The building official reviewing my permit application/plans has held up my permit and stated "Draft stopping required section 302.12 of the 2009 IRC please show how this will be completed...Draft stopping includes attic and floor truss areas. "

After reading 302.12 I agreed the floor trusses should be draft stopped.  However, I do not agree that the attic is required to be draft stopped.  Now, I am not saying it isn't a prudent thing to do.  I may want to draft stop the attic anyway, but does the code really require it in this case.

I am building a single story ranch home with a walkout basement.  16" floor trusses are used between the basement and main floor.  I plan to drywall the basement ceiling.  Roof trusses are used above the main area.  302.12 reads ...In combustible construction where there is usable space both above and below the concealed space of a floor/ceiling assembly...".  There is no usable space above the roof trusses so I do not think 302.12 applies to the roof trusses.

I am building in central PA, Bethel Township.  He is quoting only the IRC, no local codes.

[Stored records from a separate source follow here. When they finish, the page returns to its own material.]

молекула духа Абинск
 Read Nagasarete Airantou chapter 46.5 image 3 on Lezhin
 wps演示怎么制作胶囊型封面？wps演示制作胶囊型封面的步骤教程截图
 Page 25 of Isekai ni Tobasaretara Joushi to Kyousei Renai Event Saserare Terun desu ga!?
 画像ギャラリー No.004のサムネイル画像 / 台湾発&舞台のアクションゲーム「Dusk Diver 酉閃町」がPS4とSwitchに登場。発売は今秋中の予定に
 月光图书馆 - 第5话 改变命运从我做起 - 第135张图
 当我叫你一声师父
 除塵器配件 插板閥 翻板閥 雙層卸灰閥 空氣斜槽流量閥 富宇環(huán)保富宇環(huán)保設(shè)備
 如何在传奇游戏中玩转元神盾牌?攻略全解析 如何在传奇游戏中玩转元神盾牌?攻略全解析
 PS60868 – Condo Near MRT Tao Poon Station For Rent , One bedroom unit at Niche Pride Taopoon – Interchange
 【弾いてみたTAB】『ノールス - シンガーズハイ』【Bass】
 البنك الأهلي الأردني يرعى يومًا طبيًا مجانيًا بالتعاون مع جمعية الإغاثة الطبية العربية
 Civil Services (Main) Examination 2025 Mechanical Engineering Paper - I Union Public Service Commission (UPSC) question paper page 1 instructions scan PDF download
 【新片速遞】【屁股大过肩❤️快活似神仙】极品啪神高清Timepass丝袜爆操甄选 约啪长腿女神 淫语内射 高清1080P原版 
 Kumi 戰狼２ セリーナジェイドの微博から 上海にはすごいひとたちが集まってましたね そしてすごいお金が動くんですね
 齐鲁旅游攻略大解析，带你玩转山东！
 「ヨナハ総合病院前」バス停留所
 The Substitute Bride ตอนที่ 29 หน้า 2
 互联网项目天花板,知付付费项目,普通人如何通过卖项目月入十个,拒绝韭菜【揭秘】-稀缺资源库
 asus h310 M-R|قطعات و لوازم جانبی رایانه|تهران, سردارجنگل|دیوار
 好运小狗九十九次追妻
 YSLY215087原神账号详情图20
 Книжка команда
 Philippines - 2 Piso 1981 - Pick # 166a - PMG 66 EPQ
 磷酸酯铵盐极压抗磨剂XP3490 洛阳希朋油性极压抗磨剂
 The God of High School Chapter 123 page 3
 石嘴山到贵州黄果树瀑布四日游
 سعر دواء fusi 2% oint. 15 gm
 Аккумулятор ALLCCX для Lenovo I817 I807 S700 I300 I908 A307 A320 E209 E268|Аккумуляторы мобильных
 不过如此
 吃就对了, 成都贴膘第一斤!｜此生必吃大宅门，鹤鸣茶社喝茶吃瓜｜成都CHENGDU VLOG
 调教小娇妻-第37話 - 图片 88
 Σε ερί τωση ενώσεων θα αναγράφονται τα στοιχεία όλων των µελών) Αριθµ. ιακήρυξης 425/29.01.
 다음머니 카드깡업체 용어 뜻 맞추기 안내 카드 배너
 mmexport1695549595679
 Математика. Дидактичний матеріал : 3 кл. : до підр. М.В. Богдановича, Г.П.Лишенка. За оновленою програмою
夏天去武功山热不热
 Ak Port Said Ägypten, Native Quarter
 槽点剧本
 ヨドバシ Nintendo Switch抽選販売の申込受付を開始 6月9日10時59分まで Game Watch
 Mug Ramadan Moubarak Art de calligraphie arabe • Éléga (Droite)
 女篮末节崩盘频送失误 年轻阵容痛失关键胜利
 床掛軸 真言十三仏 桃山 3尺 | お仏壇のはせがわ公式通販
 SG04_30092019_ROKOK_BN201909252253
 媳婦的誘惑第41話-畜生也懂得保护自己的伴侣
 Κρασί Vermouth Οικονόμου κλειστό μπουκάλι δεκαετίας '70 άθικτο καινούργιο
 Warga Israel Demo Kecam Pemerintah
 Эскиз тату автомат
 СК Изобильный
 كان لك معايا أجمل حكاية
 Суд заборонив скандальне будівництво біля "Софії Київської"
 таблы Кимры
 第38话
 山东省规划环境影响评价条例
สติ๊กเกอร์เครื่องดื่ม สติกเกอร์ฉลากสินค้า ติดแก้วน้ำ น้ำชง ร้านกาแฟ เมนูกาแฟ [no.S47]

I was not sure if I should post this here or in the residential fire code forum.  Sorry if I guessed wrong.


----------



## imhotep (Apr 7, 2012)

bozobozo said:
			
		

> The building official reviewing my permit application/plans has held up my permit and stated "Draft stopping required section 302.12 of the 2009 IRC please show how this will be completed...Draft stopping includes attic and floor truss areas. " After reading 302.12 I agreed the floor trusses should be draft stopped.  However, I do not agree that the attic is required to be draft stopped.  Now, I am not saying it isn't a prudent thing to do.  I may want to draft stop the attic anyway, but does the code really require it in this case.
> 
> I am building a single story ranch home with a walkout basement.  16" floor trusses are used between the basement and main floor.  I plan to drywall the basement ceiling.  Roof trusses are used above the main area.  302.12 reads ...In combustible construction where there is usable space both above and below the concealed space of a floor/ceiling assembly...".  There is no usable space above the roof trusses so I do not think 302.12 applies to the roof trusses.
> 
> ...


Are you required to provide attic access per 2009 IRC R807.1?


----------



## Sifu (Apr 7, 2012)

Don't know off-hand why the attic in a single fam would require draftstopping.  Don't have the 09's with me but I think the IBC for R1 & R2 require draftstop at unit separation or 3000ft depending but I don't think an attic if accessible would be considered a concealed space between a floor and ceiling.


----------



## bozobozo (Apr 7, 2012)

I have planned an access (no pull down stairs) just to maintain the radon fans.


----------



## imhotep (Apr 7, 2012)

bozobozo said:
			
		

> The building official reviewing my permit application/plans has held up my permit and stated "Draft stopping required section 302.12 of the 2009 IRC please show how this will be completed...Draft stopping includes attic and floor truss areas. " After reading 302.12 I agreed the floor trusses should be draft stopped.  However, I do not agree that the attic is required to be draft stopped.  Now, I am not saying it isn't a prudent thing to do.  I may want to draft stop the attic anyway, but does the code really require it in this case.
> 
> I am building a single story ranch home with a walkout basement.  16" floor trusses are used between the basement and main floor.  I plan to drywall the basement ceiling.  Roof trusses are used above the main area.  302.12 reads ...In combustible construction where there is usable space both above and below the concealed space of a floor/ceiling assembly...".  There is no usable space above the roof trusses so I do not think 302.12 applies to the roof trusses.
> 
> ...


2009 IRC R302.12 applies to floor/ceiling assemblies.  An attic is not a floor/ceiling assembly.  2009 IBC 717.4.3 could be applied if the attic space exceeds 3,000 sf.


----------



## bozobozo (Apr 8, 2012)

More details for draft stopping questionThe overall attic space (if you include the attic over the garage portion) is about 4200 sf.  However, due to the configuration of the roof, the center portion is framed using valley trusses.  To do this we need to sheath the center portion "normal" trusses first.  This would effectively divide the attic area info "sub-3000" ft areas.  There will be open areas in this sheathing to facilitate framing/insulation.  We can close these up if necessary.  Would this consitute acceptable draftstopping?Here is a rough drawing.  Sorry for the quality.  Had to compress it to get it under the attachment threshold..
	

		
			
		

		
	

View attachment 1289


View attachment 557


View attachment 557


/monthly_2012_04/roof.jpg.c2e97b47778db52232a2e1c48df87eef.jpg


----------



## fatboy (Apr 8, 2012)

"Would this consitute acceptable draftstopping?"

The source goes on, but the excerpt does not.